= Paradelle =

The paradelle is a modern poetic form which was invented by United States Poet Laureate Billy Collins as a parody of the villanelle.

==Derivation==

Billy Collins originally said the paradelle was invented in 11th-century France, but he later admitted that he invented it himself to parody strict forms of poetry, particularly the villanelle. His sample paradelle, "Paradelle for Susan" (c. 1997), was seemingly intentionally terrible, completing the final stanza with the line "Darken the mountain, time and find was my into it was with to to".

==Form==

When Collins first published the paradelle, it was with the footnote "The paradelle is one of the more demanding French fixed forms, first appearing in the langue d'oc love poetry of the eleventh century. It is a poem of four six-line stanzas in which the first and second lines, as well as the third and fourth lines of the first three stanzas, must be identical. The fifth and sixth lines, which traditionally resolve these stanzas, must use all the words from the preceding lines and only those words. Similarly, the final stanza must use every word from all the preceding stanzas and only these words."

==Other uses==

Not all reviewers of Collins' book recognized that the paradelle was a parody of formal poetry and of amateur poets who adhered to formalism at the expense of sense. Some reviews criticized "Paradelle for Susan" as an amateurish attempt at a difficult form without ever understanding that this was, indeed, the point.

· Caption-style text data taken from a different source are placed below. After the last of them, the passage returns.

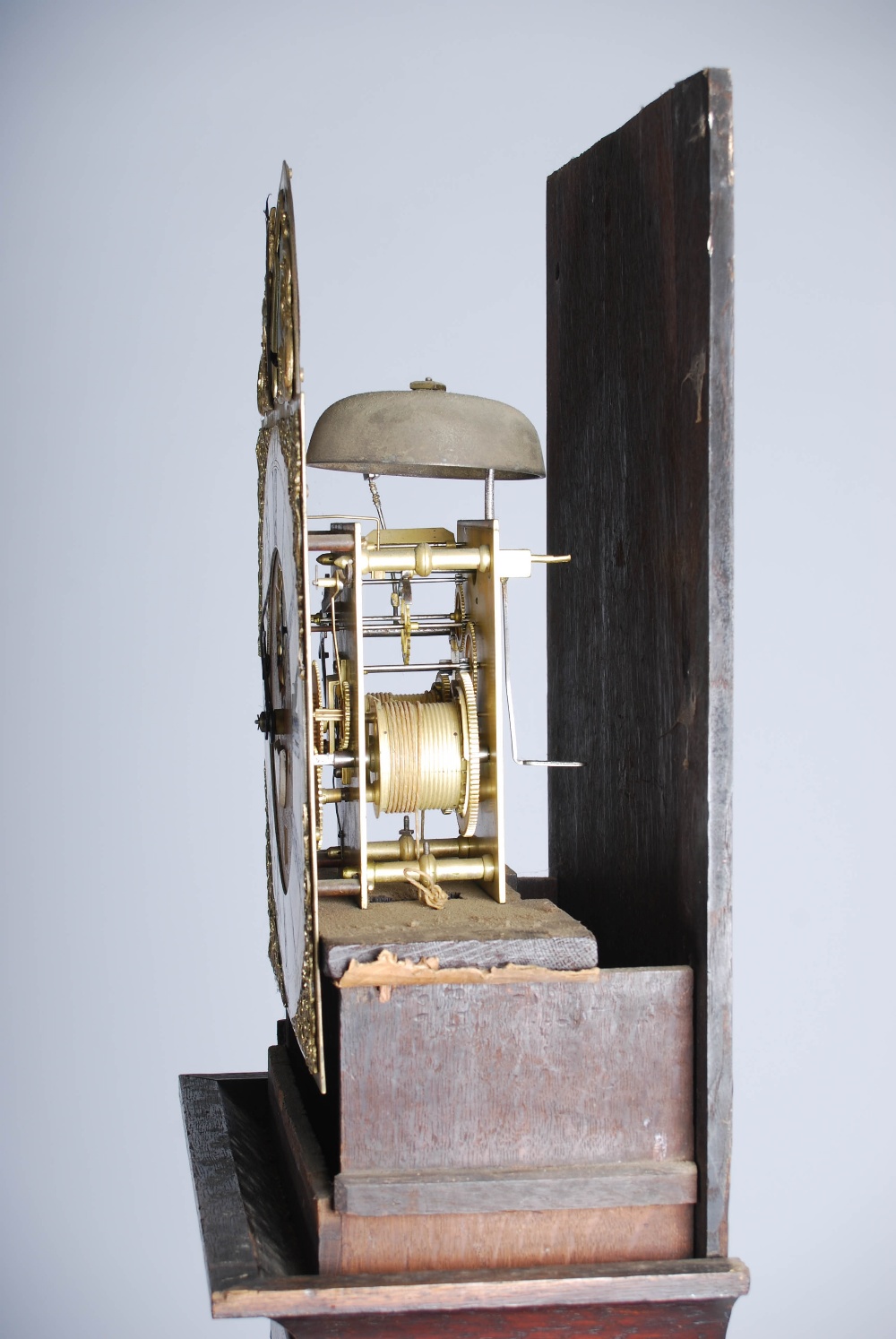 An 18th century oak automata longcase clock, I.P., the brass dial with silvered chapter ring bearing - Image 6 of 7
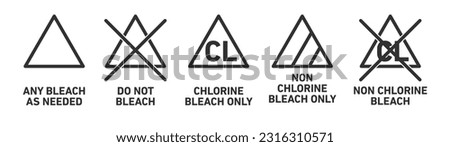 Set of any do not bleach, chlorine bleach only, non chlorine bleach only, non chlorine bleach icons.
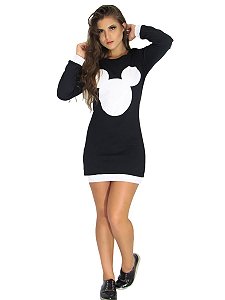 Vestido moletom mickey com capuz - Morenna Pimentta® | Moda com uma pitada a mais de estilo. 🌶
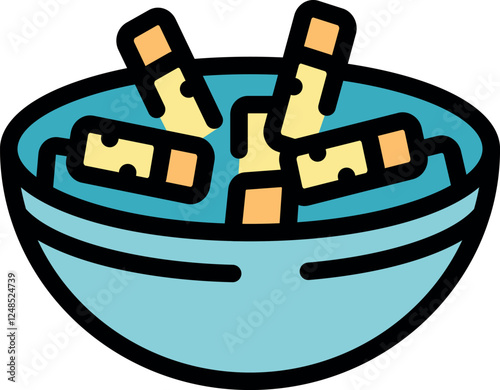Delicious croutons floating in a blue bowl of soup, perfect for representing comfort food or a hearty meal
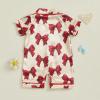 imageKuriozud Baby Girl Pajamas Newborn Button Down Romper Jumpsuit Feather Trim Nightgown Infant Sleepwear OnePiece Summer PjsA Bow Print Red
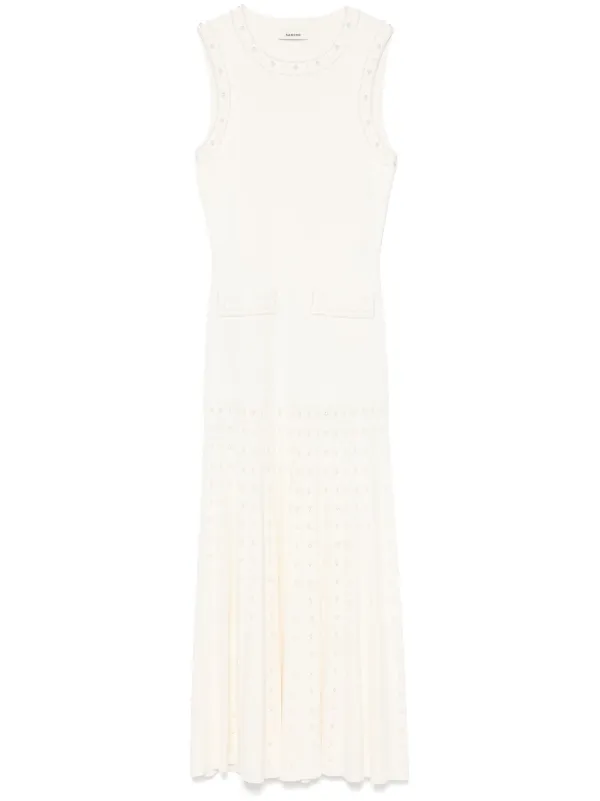 ＊人気＊ SANDRO  スタッズ付きニットマキシドレス Knit maxi dress with studs black / gray For Women | Sandro Paris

Some poets also missed the parody and took the form seriously, writing their own paradelles. Others, knowing of the hoax, nevertheless decided to see what they could do with a form as strict as the paradelle's. Thus, although invented as a hoax, the paradelle has taken on a life of its own. In 2005, Red Hen Press published an anthology of paradelles. When the book was released, a panel on the paradelle was held at the West Chester University Poetry Conference featuring contributors to the book Annie Finch, R.S. Gwynn, and David Mason as well as editor Theresa Welford.